Bill Weinberg came to Wilhelmina from Ford in 1970. A commercial agent and troubleshooter, he specialized in the kind of subfashion model who brought home the bacon but never saw the cover of Vogue. Eileen Ford looked down on his kind of model, but within two years of his arrival in 1966, Weinberg’s division was bringing in $500,000 a year. Weinberg enjoyed watching the Fords work. “Eileen was the artist, and Jerry was the mechanic,” he says. “People were afraid of her, and then Jerry would pacify them, so bridges were never burned.”
But working for Ford took its toll. “She really ran her ship with a reign of terror,” Weinberg says. “No one wanted to take Eileen on. I’d see her sit at a desk near the main board with people on each side of her who were there for different purposes. She’d be screaming at the person on her left and simultaneously charming to the person on her right. To turn it on and off like that is kind of amazing.”

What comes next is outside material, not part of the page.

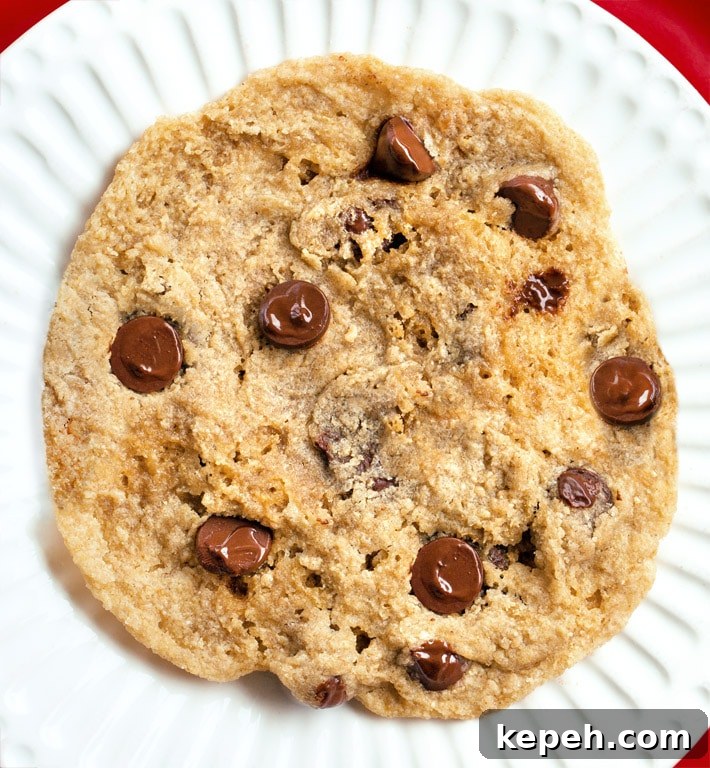 Microwave Cookie Recipe Microwave Cookie Recipe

After the Coopers approached Weinberg in 1970, Jerry Ford called him into his office one day and demanded he sign a contract. When he told Weinberg the document was not negotiable, the executive declined to sign it and asked, “Have I quit or did you fire me?” Two weeks later he got his answer in a letter from Ford dismissing him for breach of fiduciary trust.

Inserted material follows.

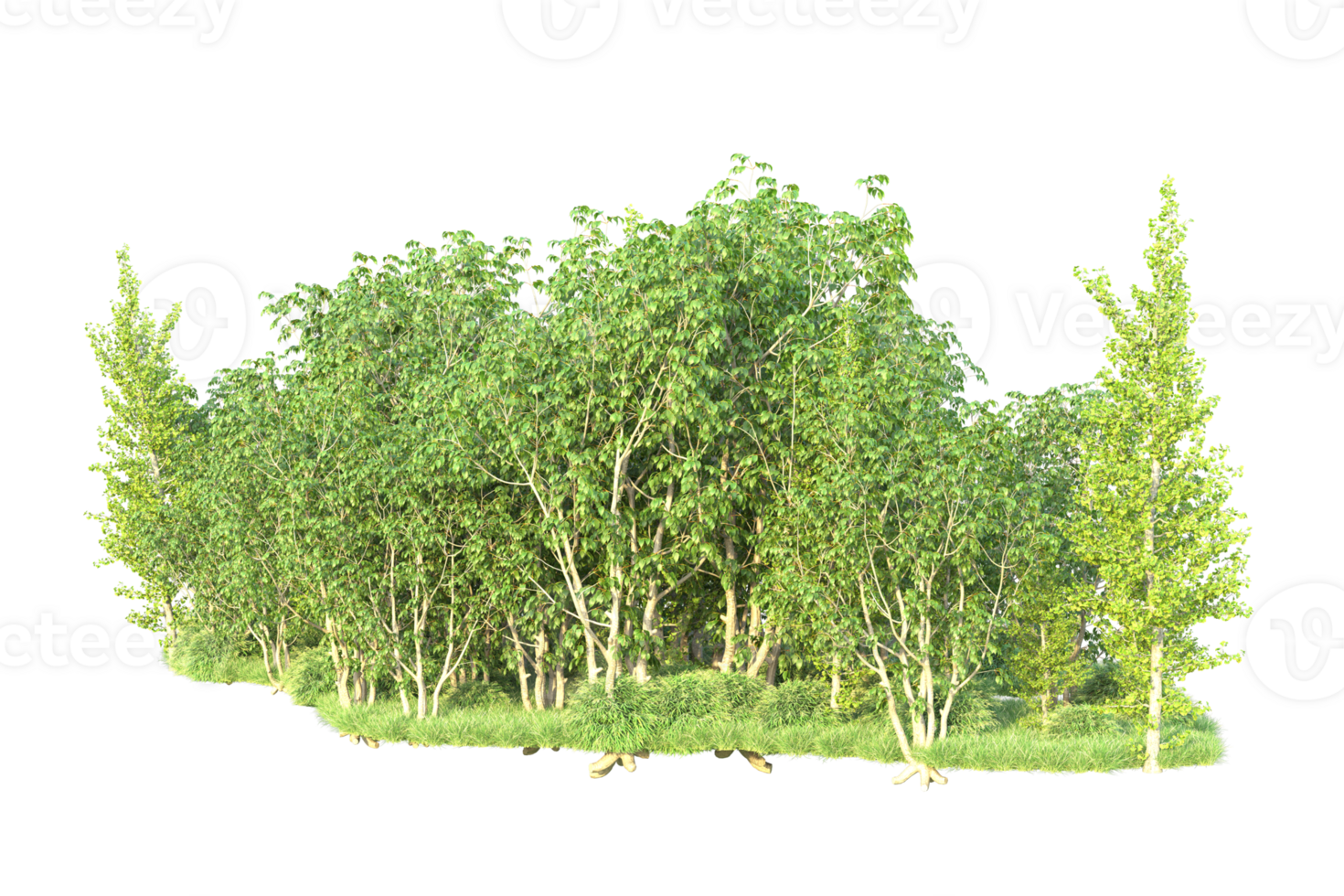 Tropical forest isolated on transparent background. 3d rendering - illustration png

As his job evolved at Wilhelmina, Weinberg acquired a small share of the agency and took over many of what had been Bruce Cooper’s duties. “Bringing me in solved a problem, but it diminished Bruce’s role,” says Weinberg. “He’d come in, go through the mail, pinch a couple of fannies, make a few jokes, corral a couple of models, go to lunch for a few hours, and come back with a snootful.” Willie started disappearing from the agency for days at a time “because she’d been roughed up,” Weinberg says. “A couple of times [Cooper] stood up and raved at Wilhelmina when people were around. When he got that way, there was no cooling him off.”
Melissa Cooper was eight years old when her brother, Jason, was born in 1974. A few days later the Coopers released a photograph of Willie and her newborn son. “They had to airbrush it,” Melissa says. “Bruce was with another woman when Jason was born.” When he came back, he gave Willie a black eye.
Melissa describes the world Jason came into at Cos Cob as something out of a bad movie. “There were parties every Sunday,” she says. “Food, booze, mounds of coke, people wasted all over. I never wanted to do cocaine because I’d seen how people acted. Nobody did anything in moderation. I saw sex in the open all the time, since I was little. It was my house. I always investigated. You couldn’t shock me as a child.”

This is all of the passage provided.